Task description: I need the lines below from the one with "August 4X Industrial" down to the one with "Gold Grape Pattern Adjustable Apron - Yliana" reproduced exactly, both ends included, and nothing else.

Data for processing:
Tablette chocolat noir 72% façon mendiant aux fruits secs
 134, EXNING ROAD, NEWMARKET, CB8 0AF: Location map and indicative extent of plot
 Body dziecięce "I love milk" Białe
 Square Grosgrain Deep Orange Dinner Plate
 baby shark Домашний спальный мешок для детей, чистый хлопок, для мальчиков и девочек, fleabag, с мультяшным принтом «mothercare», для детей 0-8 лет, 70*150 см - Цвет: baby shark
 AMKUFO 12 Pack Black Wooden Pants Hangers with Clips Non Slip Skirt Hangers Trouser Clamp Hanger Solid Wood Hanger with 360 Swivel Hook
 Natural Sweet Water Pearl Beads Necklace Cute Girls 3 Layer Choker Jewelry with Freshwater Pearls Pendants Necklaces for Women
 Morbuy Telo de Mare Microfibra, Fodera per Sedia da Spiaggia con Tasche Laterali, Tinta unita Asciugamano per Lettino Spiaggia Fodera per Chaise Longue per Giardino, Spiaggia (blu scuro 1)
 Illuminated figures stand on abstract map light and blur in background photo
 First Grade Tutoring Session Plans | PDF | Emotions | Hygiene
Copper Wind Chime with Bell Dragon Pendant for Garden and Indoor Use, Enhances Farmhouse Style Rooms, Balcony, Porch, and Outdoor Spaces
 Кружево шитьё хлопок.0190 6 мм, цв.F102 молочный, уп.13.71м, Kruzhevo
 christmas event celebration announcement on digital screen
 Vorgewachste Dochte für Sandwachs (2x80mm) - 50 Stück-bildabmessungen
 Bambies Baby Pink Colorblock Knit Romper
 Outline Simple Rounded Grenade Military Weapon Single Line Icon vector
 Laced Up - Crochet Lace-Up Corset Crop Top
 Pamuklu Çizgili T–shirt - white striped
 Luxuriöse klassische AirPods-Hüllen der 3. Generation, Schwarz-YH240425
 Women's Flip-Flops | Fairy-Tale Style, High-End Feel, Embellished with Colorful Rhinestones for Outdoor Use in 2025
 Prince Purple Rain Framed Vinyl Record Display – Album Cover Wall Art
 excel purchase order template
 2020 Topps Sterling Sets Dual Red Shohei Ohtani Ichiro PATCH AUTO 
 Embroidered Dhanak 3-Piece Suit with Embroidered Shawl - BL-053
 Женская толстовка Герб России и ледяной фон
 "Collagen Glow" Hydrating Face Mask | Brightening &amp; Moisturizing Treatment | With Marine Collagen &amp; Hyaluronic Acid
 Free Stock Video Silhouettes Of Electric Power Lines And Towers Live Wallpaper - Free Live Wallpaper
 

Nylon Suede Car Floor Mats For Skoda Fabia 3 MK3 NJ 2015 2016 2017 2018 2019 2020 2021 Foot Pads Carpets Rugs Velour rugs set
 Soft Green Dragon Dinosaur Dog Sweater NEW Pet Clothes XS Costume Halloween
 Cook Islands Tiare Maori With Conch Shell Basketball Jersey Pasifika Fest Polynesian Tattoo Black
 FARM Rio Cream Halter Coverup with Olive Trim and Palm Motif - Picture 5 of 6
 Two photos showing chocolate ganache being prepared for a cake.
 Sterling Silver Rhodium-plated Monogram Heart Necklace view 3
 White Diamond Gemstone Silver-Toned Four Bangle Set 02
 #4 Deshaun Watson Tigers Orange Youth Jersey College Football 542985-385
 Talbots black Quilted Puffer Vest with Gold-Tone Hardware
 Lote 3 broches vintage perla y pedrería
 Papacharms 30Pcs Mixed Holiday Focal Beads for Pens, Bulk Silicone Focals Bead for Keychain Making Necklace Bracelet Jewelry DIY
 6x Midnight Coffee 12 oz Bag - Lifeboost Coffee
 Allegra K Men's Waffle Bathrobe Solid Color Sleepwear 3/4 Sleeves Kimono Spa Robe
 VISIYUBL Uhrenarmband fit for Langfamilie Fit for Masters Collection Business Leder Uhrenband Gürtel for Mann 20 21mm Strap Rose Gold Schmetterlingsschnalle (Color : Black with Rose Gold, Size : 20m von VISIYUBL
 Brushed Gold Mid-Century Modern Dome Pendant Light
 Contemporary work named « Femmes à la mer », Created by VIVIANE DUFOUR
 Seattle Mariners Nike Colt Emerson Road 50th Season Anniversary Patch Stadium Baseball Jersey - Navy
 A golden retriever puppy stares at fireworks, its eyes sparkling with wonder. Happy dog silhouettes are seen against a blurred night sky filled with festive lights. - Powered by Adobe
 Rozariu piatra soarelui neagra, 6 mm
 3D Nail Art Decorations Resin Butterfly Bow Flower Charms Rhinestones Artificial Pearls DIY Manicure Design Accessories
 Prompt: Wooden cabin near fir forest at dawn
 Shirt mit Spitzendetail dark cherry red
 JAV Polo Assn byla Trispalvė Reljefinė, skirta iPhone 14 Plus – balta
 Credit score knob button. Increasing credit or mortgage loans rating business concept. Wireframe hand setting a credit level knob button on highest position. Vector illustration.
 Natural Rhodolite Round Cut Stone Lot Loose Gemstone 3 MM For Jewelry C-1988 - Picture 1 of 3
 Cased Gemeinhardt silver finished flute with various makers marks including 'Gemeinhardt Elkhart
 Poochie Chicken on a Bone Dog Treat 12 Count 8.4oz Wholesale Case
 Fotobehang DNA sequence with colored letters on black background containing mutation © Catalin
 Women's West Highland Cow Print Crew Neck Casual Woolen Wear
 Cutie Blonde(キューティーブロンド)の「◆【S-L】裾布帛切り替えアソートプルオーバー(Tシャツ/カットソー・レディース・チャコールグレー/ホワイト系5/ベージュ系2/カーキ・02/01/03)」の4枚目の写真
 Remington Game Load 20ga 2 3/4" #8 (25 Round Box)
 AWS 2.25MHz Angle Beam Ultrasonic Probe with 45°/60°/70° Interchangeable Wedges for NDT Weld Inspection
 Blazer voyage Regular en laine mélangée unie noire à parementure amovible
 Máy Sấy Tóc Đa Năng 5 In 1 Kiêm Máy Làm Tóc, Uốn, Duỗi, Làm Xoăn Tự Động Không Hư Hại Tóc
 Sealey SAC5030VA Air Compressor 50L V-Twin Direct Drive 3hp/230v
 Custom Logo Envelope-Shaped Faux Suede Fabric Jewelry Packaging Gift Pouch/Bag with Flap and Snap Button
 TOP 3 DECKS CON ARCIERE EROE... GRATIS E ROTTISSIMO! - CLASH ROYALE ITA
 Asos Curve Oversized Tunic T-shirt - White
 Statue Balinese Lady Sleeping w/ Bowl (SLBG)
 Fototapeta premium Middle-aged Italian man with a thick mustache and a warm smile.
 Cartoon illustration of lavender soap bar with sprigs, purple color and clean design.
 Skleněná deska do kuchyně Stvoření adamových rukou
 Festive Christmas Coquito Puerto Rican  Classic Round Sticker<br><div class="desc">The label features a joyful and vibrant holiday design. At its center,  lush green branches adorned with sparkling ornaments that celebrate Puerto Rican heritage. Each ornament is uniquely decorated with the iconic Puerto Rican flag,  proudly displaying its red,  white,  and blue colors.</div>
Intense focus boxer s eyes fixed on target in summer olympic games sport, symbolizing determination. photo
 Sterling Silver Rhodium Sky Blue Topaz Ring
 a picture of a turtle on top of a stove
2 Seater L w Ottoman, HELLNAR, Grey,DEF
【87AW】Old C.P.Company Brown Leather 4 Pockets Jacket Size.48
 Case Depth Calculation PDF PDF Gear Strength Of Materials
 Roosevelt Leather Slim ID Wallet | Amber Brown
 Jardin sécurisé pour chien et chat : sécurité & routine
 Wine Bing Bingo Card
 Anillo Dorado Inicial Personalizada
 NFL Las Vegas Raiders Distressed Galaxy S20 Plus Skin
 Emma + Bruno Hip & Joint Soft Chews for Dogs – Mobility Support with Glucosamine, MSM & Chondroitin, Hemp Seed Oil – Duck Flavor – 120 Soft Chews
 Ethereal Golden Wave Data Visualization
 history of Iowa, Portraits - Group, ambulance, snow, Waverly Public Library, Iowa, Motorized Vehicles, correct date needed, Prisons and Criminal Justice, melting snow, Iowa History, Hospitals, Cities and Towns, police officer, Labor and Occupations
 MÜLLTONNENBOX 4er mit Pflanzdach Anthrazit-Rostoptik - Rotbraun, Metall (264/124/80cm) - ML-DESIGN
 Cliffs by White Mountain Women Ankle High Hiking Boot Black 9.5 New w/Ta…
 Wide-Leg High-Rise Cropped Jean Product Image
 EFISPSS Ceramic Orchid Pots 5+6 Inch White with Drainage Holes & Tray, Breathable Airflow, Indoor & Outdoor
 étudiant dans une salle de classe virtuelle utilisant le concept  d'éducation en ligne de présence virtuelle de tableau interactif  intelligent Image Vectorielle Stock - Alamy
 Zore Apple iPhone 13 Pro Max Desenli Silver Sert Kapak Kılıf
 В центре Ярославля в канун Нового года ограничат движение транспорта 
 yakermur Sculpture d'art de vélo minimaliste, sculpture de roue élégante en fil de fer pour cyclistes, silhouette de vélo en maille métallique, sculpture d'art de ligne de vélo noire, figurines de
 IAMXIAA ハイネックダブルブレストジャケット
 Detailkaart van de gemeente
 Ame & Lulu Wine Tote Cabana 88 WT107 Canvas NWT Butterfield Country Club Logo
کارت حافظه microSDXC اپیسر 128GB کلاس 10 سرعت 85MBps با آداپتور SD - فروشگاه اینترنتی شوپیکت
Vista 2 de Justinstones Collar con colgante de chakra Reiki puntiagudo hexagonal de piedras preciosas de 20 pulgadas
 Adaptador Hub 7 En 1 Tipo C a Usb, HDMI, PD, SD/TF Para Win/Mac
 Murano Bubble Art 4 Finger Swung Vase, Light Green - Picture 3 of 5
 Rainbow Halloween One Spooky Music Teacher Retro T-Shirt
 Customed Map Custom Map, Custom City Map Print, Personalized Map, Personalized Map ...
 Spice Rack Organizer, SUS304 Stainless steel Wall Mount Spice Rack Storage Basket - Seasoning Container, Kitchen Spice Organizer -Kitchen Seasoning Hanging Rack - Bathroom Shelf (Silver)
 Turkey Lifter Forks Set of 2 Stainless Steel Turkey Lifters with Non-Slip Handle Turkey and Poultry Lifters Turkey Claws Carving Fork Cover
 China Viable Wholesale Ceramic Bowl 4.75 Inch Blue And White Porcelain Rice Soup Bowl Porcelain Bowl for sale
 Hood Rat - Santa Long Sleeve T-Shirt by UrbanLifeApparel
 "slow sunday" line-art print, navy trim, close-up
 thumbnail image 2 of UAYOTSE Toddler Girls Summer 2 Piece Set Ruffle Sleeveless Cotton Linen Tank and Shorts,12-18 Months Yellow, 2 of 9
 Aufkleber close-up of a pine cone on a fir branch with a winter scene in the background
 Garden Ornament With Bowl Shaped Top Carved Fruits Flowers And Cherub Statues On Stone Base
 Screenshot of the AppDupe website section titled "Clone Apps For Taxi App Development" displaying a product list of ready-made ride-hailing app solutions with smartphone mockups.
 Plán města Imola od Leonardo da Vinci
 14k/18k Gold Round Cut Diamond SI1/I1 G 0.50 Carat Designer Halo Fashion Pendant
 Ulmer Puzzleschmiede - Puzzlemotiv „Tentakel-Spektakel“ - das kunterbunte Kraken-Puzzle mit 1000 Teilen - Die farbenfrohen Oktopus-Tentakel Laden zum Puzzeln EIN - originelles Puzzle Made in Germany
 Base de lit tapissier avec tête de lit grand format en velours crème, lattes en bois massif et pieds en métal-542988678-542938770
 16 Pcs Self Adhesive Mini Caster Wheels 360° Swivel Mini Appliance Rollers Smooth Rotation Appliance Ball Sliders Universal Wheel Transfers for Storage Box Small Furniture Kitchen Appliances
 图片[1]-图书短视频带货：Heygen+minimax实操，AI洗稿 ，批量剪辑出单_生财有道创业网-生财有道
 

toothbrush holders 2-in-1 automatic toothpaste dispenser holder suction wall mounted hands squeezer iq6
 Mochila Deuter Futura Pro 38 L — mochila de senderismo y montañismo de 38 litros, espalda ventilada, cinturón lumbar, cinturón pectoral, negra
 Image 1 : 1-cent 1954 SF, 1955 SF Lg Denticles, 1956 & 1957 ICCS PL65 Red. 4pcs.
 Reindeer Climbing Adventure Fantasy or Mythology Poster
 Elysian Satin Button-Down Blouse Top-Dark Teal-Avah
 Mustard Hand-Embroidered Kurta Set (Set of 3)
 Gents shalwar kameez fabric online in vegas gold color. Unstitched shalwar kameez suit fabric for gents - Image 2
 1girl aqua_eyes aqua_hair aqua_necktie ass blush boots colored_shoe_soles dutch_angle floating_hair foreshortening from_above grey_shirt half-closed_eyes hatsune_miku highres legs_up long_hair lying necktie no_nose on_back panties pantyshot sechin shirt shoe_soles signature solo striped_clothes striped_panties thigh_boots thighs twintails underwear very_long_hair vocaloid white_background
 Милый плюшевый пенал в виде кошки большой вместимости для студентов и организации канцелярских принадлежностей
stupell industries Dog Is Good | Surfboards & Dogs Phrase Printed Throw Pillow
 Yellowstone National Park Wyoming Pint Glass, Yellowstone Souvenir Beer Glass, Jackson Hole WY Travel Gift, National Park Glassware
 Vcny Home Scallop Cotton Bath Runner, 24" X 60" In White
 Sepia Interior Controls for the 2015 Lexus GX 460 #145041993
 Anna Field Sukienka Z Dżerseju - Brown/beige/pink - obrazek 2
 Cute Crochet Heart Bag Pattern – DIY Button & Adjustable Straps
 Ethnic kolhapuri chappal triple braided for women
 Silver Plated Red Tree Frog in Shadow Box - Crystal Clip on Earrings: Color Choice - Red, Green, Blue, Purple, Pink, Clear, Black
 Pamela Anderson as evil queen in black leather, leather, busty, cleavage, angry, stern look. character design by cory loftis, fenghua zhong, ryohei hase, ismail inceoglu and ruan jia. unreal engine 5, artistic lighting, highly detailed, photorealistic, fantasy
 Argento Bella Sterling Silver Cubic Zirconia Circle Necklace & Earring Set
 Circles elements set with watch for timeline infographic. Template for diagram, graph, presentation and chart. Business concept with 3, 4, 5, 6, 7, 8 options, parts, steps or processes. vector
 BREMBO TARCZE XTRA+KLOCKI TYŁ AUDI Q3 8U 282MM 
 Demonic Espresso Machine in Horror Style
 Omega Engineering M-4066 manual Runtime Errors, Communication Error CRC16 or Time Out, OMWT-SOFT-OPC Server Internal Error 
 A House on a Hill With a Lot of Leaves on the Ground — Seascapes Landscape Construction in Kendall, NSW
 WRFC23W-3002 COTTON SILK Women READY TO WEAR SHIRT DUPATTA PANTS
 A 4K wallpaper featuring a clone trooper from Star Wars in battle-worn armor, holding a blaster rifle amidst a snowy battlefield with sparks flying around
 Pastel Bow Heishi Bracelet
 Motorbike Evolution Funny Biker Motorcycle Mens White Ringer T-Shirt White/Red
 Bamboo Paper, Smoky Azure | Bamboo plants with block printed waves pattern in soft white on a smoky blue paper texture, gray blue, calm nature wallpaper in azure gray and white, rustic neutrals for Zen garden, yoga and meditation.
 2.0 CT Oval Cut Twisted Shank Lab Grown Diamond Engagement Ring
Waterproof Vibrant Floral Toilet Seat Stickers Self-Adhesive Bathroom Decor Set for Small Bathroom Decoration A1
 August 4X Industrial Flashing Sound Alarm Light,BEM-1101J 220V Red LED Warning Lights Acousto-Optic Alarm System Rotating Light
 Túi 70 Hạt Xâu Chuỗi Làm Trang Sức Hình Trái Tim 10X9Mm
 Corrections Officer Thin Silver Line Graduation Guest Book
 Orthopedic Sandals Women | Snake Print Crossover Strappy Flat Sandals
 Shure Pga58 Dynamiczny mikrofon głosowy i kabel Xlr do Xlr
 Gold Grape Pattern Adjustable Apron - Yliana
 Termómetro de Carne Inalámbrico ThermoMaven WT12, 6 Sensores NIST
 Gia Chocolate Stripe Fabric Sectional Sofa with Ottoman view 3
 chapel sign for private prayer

Reply:
 August 4X Industrial Flashing Sound Alarm Light,BEM-1101J 220V Red LED Warning Lights Acousto-Optic Alarm System Rotating Light
 Túi 70 Hạt Xâu Chuỗi Làm Trang Sức Hình Trái Tim 10X9Mm
 Corrections Officer Thin Silver Line Graduation Guest Book
 Orthopedic Sandals Women | Snake Print Crossover Strappy Flat Sandals
 Shure Pga58 Dynamiczny mikrofon głosowy i kabel Xlr do Xlr
 Gold Grape Pattern Adjustable Apron - Yliana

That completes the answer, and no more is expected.